● **Goal of the exercise**
Each entry that follows is to be retyped exactly. Pictures do not belong in the copy.

═════ Recorded data

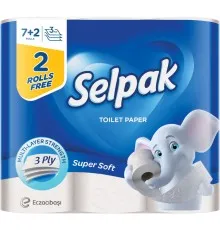 Туалетная бумага Selpak 3 слоя 7+2 рулонов (8690530015920)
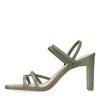Sandales à talon avec bandes - vert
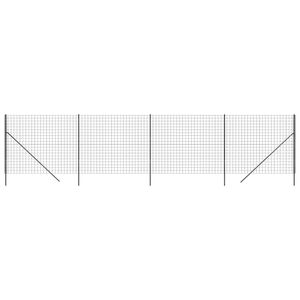 vidaXL Wire Mesh Fence Anthracite 1.4x10 m Galvanised Steel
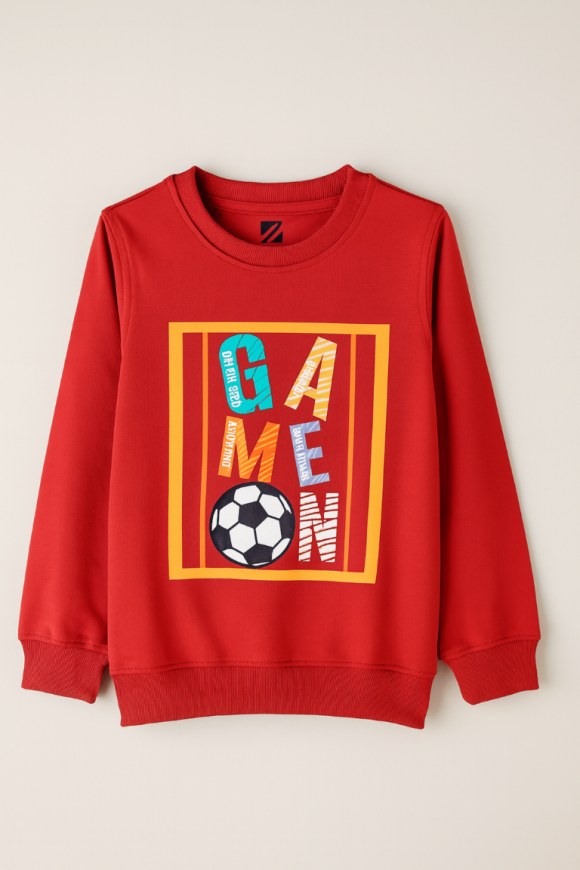 Game On Backprint Sweatshirt for Boys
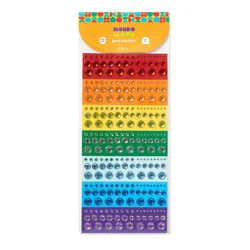 273ct Rainbow Gem Stickers - Mondo Llama™: Rhinestone & Gemstone Face & Heart Stickers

══════════

● **Response to this exercise**
 Туалетная бумага Selpak 3 слоя 7+2 рулонов (8690530015920)
Sandales à talon avec bandes - vert
 vidaXL Wire Mesh Fence Anthracite 1.4x10 m Galvanised Steel
 Game On Backprint Sweatshirt for Boys
 273ct Rainbow Gem Stickers - Mondo Llama™: Rhinestone & Gemstone Face & Heart Stickers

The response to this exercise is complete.